Luciano Spalletti, con il tricolore cucito sul petto e un tatuaggio fresco sul braccio, giurava amore eterno. “Dopo il Napoli, mai più un club in Italia”, disse. Sembra passata una vita, eppure era solo ieri. Oggi, quell’allenatore, è pronto a sedersi sulla panchina che più di ogni altra rappresenta l’antitesi sportiva di Napoli: quella della Juventus. E mentre qualcuno a Torino festeggia, qui all’ombra del Vesuvio ci si chiede, con un misto di rabbia e sarcasmo, come si sia potuto dimenticare tutto così in fretta.
🚨🤍🖤 All documents have been approved: Luciano Spalletti signs in as Juventus manager until June 2026, to be extended if qualify to UCL 2026/27. pic.twitter.com/muGDWZA2Pc
— Fabrizio Romano (@FabrizioRomano) October 29, 2025
La Promessa: “Impossibile tornare da Avversario” (Marzo 2025)

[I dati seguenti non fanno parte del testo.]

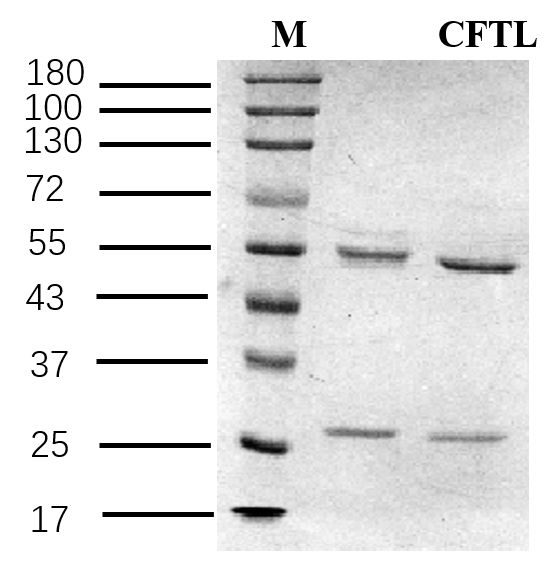 Carfentanil Antibody in SDS-PAGE (SDS-PAGE)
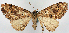  (Psilalcis polycnema - CCDB-11877_F12)  @11 [ ] CreativeCommons - Attribution (2014) David Polluck Centre for Biodiversity Genomics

A ricordarlo fa quasi tenerezza. Spalletti, ospite in tv, era categorico. Aveva parlato di un’esperienza totalizzante, della “maglia di Maradona”, di un legame che rendeva “difficile tornare da avversario”. Parole sante. Talmente sante che il prossimo 7 dicembre tornerà al Maradona proprio da avversario, per la gioia di chi ha sempre creduto poco ai suoi slanci romantici. La coerenza, evidentemente, è un optional quando chiama la Vecchia Signora.

La “Scusa” Perfetta: L’Orgoglio Ferito e la Chiamata da Torino
Ma come si giustifica un voltafaccia del genere? Semplice, con una delusione. La cacciata dalla panchina della Nazionale, vissuta come un affronto personale, è diventata l’alibi perfetto. Un uomo ferito nell’orgoglio, “triste, solitario e finale”, ha bisogno di una cura. E quale medicina migliore di una chiamata da Torino, anche a costo di stracciare ogni promessa? L’occasione di “rimettere a posto le cose”, come ha detto lui, val bene un tradimento. Specie se l’alternativa è restare fuori dal giro che conta.
Un Contratto “da Precario” per la Gloria Personale
E che non si parli di progetto. Le condizioni accettate da Spalletti raccontano tutta un’altra storia. Un contratto fino a giugno, rinnovabile solo se porta la squadra in Champions, senza alcuna garanzia. In pratica, un incarico “a gettone” pur di poter dire di aver allenato anche la Juventus. Una scelta di carriera, legittima per un professionista, certo. Ma che stride terribilmente con le lacrime e i giuramenti di pochi mesi fa. Nessuno a Napoli dimentica lo scudetto, sia chiaro. Ma da oggi, ricorderemo anche che le promesse, a volte, durano meno di una stagione.